Hi and  @Red_Raleigh

These derailleurs are still available in various versions under the Tourney name and I believe a TX35 would be the current equivalent to the TX30 if you want an inexpensive straight swap. Acera and Alivio are the next two steps up if you want to upgrade.

How does the current derailleur mount to the bike? _*If *_you have the older style horizontal rear dropouts and the hanger that clamps into the dropout, you might also need one of the old style hangers like this one: LINK.


----------



## outlash (28 May 2015)

Post up a pic of the deurailleur, the tourney mechs have different mounts as I have found out when I had to replace the broken one on my son's bike (I now have a brand new mech without a bike to fix it to!)

Tony.


----------



## Red_Raleigh (1 Jun 2015)

Hi guys, thanks for the replies. Been a tad busy since I posted the question. Sorry for the delay. Cheaper the better for the replacement.
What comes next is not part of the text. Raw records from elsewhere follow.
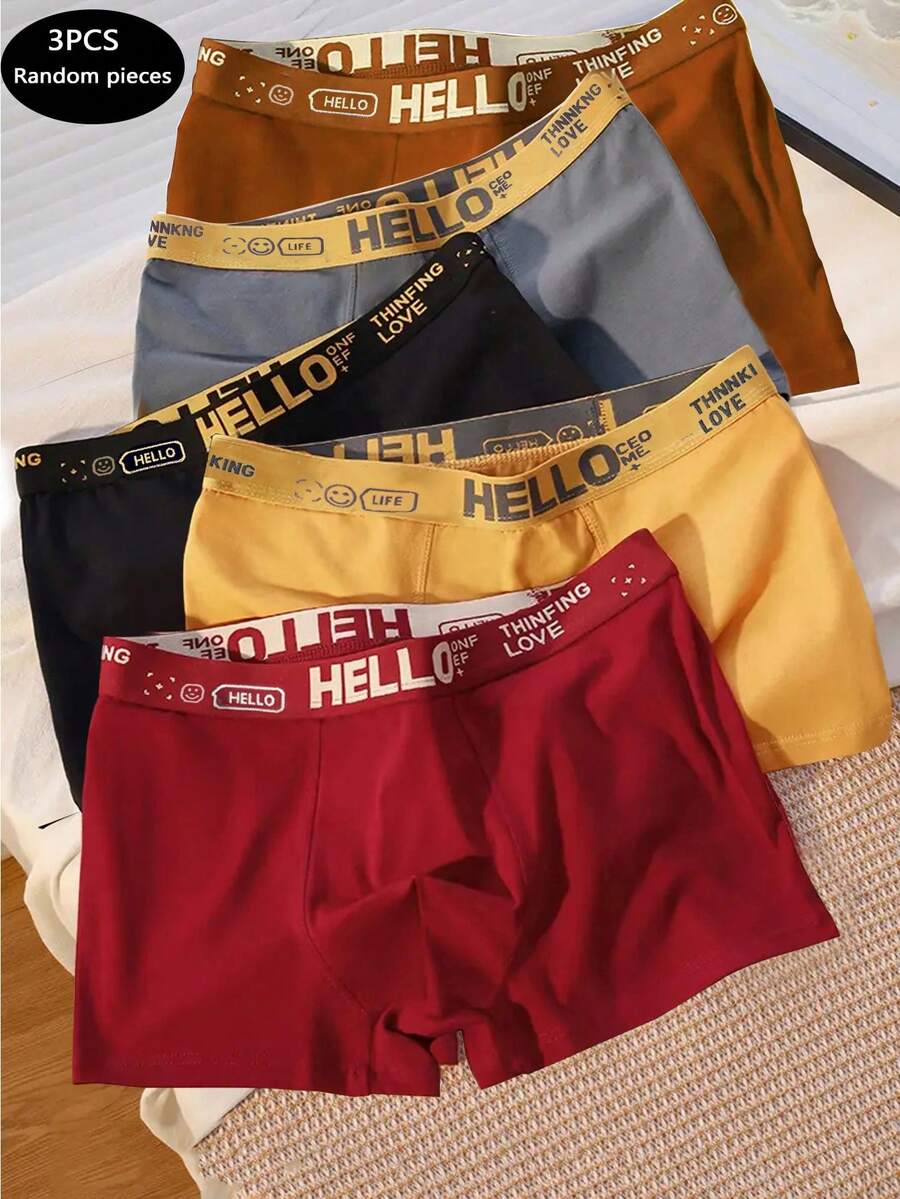 3条装男士平角内裤，不对称腰带，印有“HELLO”字母，柔软舒适，家居服/内衣两用 - 彩色 - 查看 1
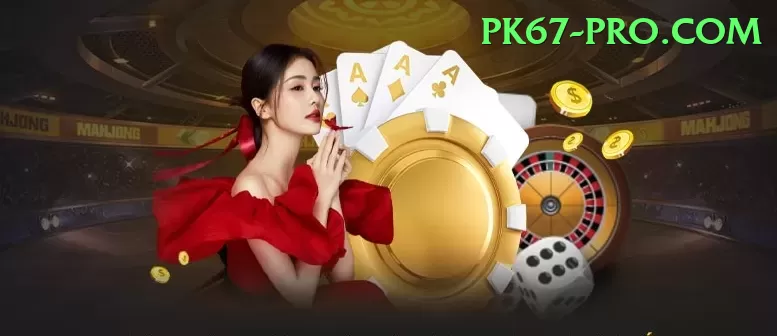 pk33 Casino Elite v5.4.3 Screenshot 1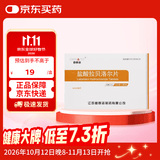 [迪赛诺]倍禾 盐酸拉贝洛尔片 50mg*15片*2板/盒 3盒装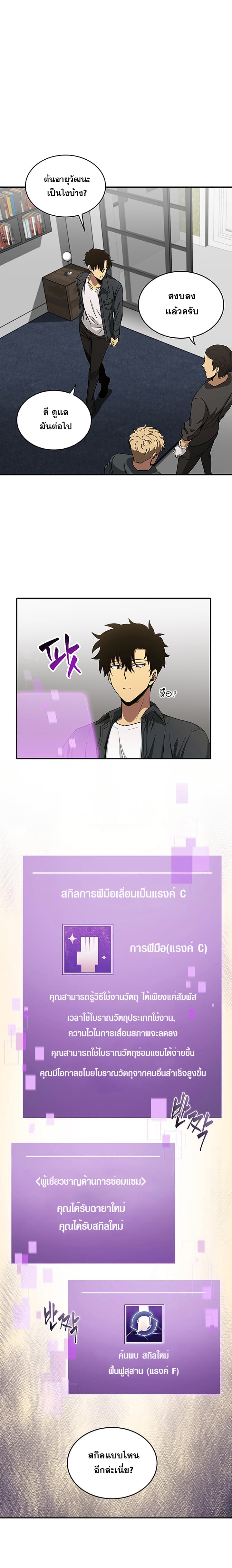Tomb Raider King ราชันย์จอมโจรปล้นสุสาน page 23
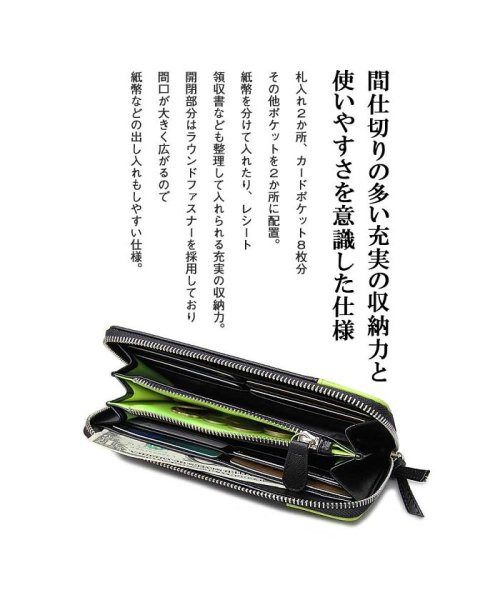  GENELESS(GENELESS)/ロングウォレット 長財布 財布 小銭入れ 札入れ カード入れ サイフ さいふ ラウンドファスナー ギフト プレゼント ウォレット 定番 メンズ レディース ブラ/img08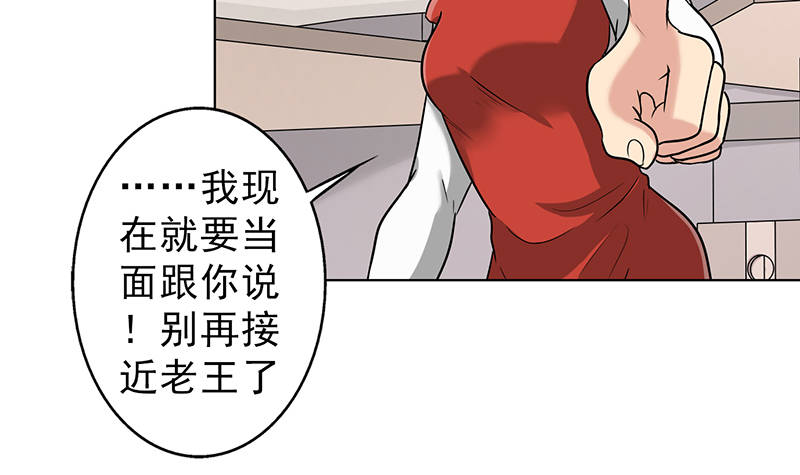 第93章：有趣的事情4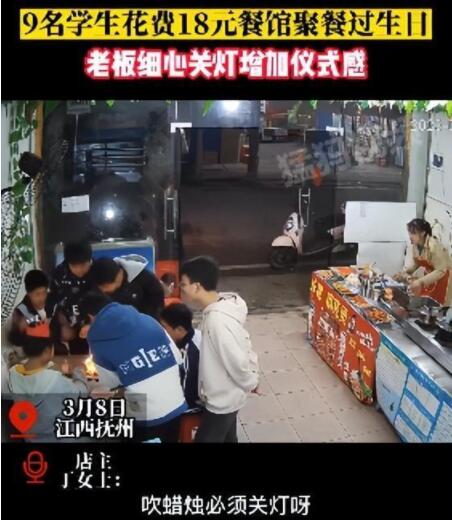 9名初中生花18元點(diǎn)18串里脊慶生 畫面曝光實(shí)在是讓人感動(dòng)
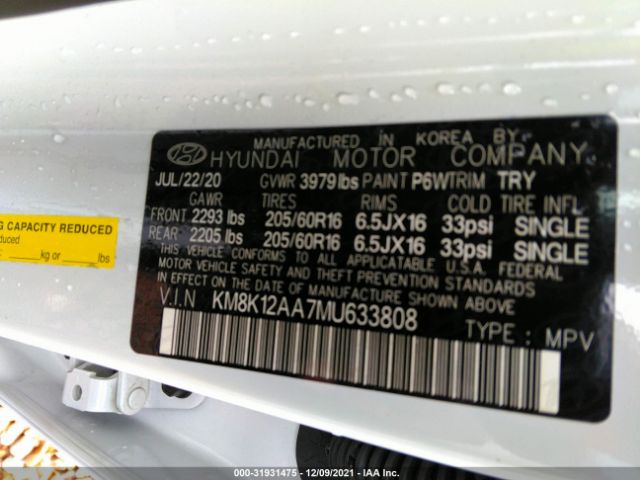 Photo 8 VIN: KM8K12AA7MU633808 - HYUNDAI KONA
Hope these pics are enough to go on. If not let me know. Thanks again. Much appreciated


----------



## outlash (1 Jun 2015)

Job done: http://www.ebay.co.uk/itm/201217993771


----------



## Red_Raleigh (1 Jun 2015)

Thanks outlash, that's great! Just bought it. Is it your store?


----------



## outlash (1 Jun 2015)

No, I bought one from there the other day for my son's bike.


----------



## Rickshaw Phil (1 Jun 2015)

^^^ That is about as cheap as I think you'll find them. Bargain.

Photos always help and those confirm that you _*don't*_ need the old style hanger I linked to earlier as yours is a direct fit derailleur.

It would be worth making sure that the hanger currently on the bike isn't bent. Doesn't look like it in the photos but if the derailleur has taken a knock it's possible as they are designed to bend/break easily to save the frame from damage.

There are about a hundred different versions of that type of hanger so it's not easy to say which one you'd need if required. This one: link, looks like it but I'd recommend getting a local bike shop to check and confirm.


----------



## katonda (19 Apr 2020)

Hi all, 

sorry to raise an old thread from the dead, but I thought it would be better than creating a similar one. I think I'm in a similar position as OP. Not due to a fall, but the derailleur was never cleaned and while shifting seized up because of years of caked up gunk and ended up getting caught in the spokes at speed bending the shaft and breaking some teeth. 

Old bike of GF, not anything special. Looking for a bang for buck replacement here. 

What's the 2020 equivalent of the *Shimano Tourney RD-TX30*? 

Will I need the 'old style' hanger others mentioned?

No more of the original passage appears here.